Il presupposto di questo ragionamento è che vi sia nelle donne un’attitudine psichica a percepire sé stesse in modo svalutativo, conseguente al potere negativo esercitato dalla famiglia, la quale è a sua volta inserita in una società sessista. Se gli uomini detengono un potere coercitivo sulla donna occorre chiedersi, scrive Mitchell, “che cosa mai gli ha dato origine e cosa mai potrà abbatterlo se non un potere costrittivo della psicologia femminile” (p. 197). Coerentemente con questa sua visione, Juliet Mitchell dedicherà i suoi studi successivi alla psicoanalisi e nel 1974 pubblicherà Psicoanalisi e femminismo
L’elaborazione dell’autrice ricade ancora all’interno del sapere costituito, pur distaccandosene per un uso finalizzato alla liberazione femminile, dal momento che fa capo alle due grandi teorie della seconda metà dell’Ottocento (il marxismo) e del primo Novecento (la psicoanalisi), mentre non tiene conto di un possibile sapere che nasce dalle donne stesse. L’autocoscienza, con la pratica del “partire da sé” e la conseguente nozione di “differenza” (di genere o sessuale) non rientrano nel suo orizzonte teorico, benché siano già presenti (la prima, in particolare) nell’esperienza anglosassone. Fu soprattutto a causa di questa sua impostazione che il libro non ebbe una reale influenza sul nascente movimento femminista italiano. Certamente la sua diffusione fu ampia e le tesi sostenute sollecitarono non poche discussioni. Ma, stando ai documenti relativi agli anni Settanta, non si trovano molte tracce di un’adesione significativa. Il tema della psicoanalisi, in particolare, così come prospettato da Mitchell, non venne recepito dal nostro movimento, anche se la “pratica dell’inconscio” ne ha rivalutato il ruolo: non come mezzo terapeutico, ma come strumento di approfondimento dei conflitti tra donne.

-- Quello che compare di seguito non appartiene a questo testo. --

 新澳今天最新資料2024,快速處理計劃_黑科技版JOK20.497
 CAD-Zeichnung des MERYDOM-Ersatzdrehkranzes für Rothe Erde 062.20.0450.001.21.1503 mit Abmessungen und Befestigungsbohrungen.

Né il femminismo radicale, né quello di matrice marxista, dunque, fecero proprie le tesi di Juliet Mitchell: le une a causa del rifiuto del marxismo come teoria capace di includere la liberazione femminile, le altre, al contrario, per un’adesione troppo spesso acritica al marxismo. Per entrambe, la psicoanalisi era considerata espressione di una cultura fallologocentrica e borghese. Inoltre, furono proprio gli aspetti ignorati dalla Mitchell a segnare definitivamente il corso del femminismo, ossia l’autocoscienza e la “differenza”.